Dal Vangelo secondo Marco (7,1-8.14-15.21-23)
In quel tempo, si riunirono attorno a Gesù i farisei e alcuni degli scribi, venuti da Gerusalemme. Avendo visto che alcuni dei suoi discepoli prendevano cibo con mani impure, cioè non lavate – i farisei infatti e tutti i Giudei non mangiano se non si sono lavati accuratamente le mani, attenendosi alla tradizione degli antichi e, tornando dal mercato, non mangiano senza aver fatto le abluzioni, e osservano molte altre cose per tradizione, come lavature di bicchieri, di stoviglie, di oggetti di rame e di letti –, quei farisei e scribi lo interrogarono: «Perché i tuoi discepoli non si comportano secondo la tradizione degli antichi, ma prendono cibo con mani impure?».
Ed egli rispose loro: «Bene ha profetato Isaìa di voi, ipocriti, come sta scritto:
“Questo popolo mi onora con le labbra,
ma il suo cuore è lontano da me.
Invano mi rendono culto,
insegnando dottrine che sono precetti di uomini”.
Trascurando il comandamento di Dio, voi osservate la tradizione degli uomini».
Chiamata di nuovo la folla, diceva loro: «Ascoltatemi tutti e comprendete bene! Non c’è nulla fuori dell’uomo che, entrando in lui, possa renderlo impuro. Ma sono le cose che escono dall’uomo a renderlo impuro». E diceva [ai suoi discepoli]: «Dal di dentro infatti, cioè dal cuore degli uomini, escono i propositi di male: impurità, furti, omicidi, adultèri, avidità, malvagità, inganno, dissolutezza, invidia, calunnia, superbia, stoltezza. Tutte queste cose cattive vengono fuori dall’interno e rendono impuro l’uomo».
Commento
Il Vangelo di questa domenica ci pone di fronte a una questione della fede e della pratica religiosa di fondamentale importanza: la distinzione tra l’osservanza esteriore delle tradizioni e la reale purezza del cuore. I farisei e gli scribi, rappresentanti dell’osservanza rigorosa della legge, si avvicinano a Gesù con un’accusa che, a prima vista, sembra banale: i suoi discepoli non rispettano la tradizione delle abluzioni rituali prima di mangiare. Questo rituale, che nel rispetto della legge per i farisei e i Giudei non poteva non essere osservato, viene da Gesù ridimensionato e, anzi, partendo da esso utilizzato come spunto criticare a una religiosità ridotta a mera osservanza della legge e quindi a formalismo.
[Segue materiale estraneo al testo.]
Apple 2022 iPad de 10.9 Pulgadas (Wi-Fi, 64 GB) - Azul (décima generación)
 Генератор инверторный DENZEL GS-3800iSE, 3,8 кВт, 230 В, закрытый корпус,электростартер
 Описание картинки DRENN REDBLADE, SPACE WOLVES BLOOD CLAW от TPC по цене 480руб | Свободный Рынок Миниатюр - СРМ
Gesù, citando Isaia, denuncia l’ipocrisia di un culto che si ferma alle labbra, a un’adesione esteriore, senza coinvolgere realmente il cuore. La critica non è rivolta alla tradizione in sé, ma alla sua assolutizzazione, alla sua elevazione a un livello superiore rispetto al comandamento di Dio. Gesù invita a spostare lo sguardo dall’esteriorità all’interiorità, dal gesto al significato profondo con cui lo si vive. Non è ciò che entra nell’uomo che lo rende impuro, ma ciò che esce dal suo cuore. In questo modo, Gesù sovverte l’idea di impurità rituale, concentrandosi piuttosto sulle intenzioni e sui desideri che albergano nel cuore umano. Il male non è una contaminazione esterna che può essere evitata con rituali di purificazione, ma una forza umana interiore che deve essere da ognuno riconosciuta e combattuta.
I peccati che Gesù elenca – impurità, furti, omicidi, adultèri, avidità, malvagità, inganno, dissolutezza, invidia, calunnia, superbia, stoltezza – non sono altro che manifestazioni di un cuore lontano da Dio, un cuore che non ha compreso la vera essenza della legge divina: l’amore per Dio e per il prossimo. Il brano proposto dalla liturgia odierna, ci invita a riflettere su come viviamo la nostra fede: ci limitiamo a vivere riti vuoti per sola osservanza, o ci preoccupiamo realmente della purezza del nostro cuore? Come possiamo purificare il nostro cuore per far sì che i nostri atti e le nostre parole siano un vero riflesso dell’amore di Dio? Cosa esce dal nostro cuore? Le nostre azioni e parole rispecchiano davvero la nostra adesione ai valori del Vangelo, o siamo anche noi in pericolo di cadere nell’ipocrisia, onorando Dio solo con le labbra?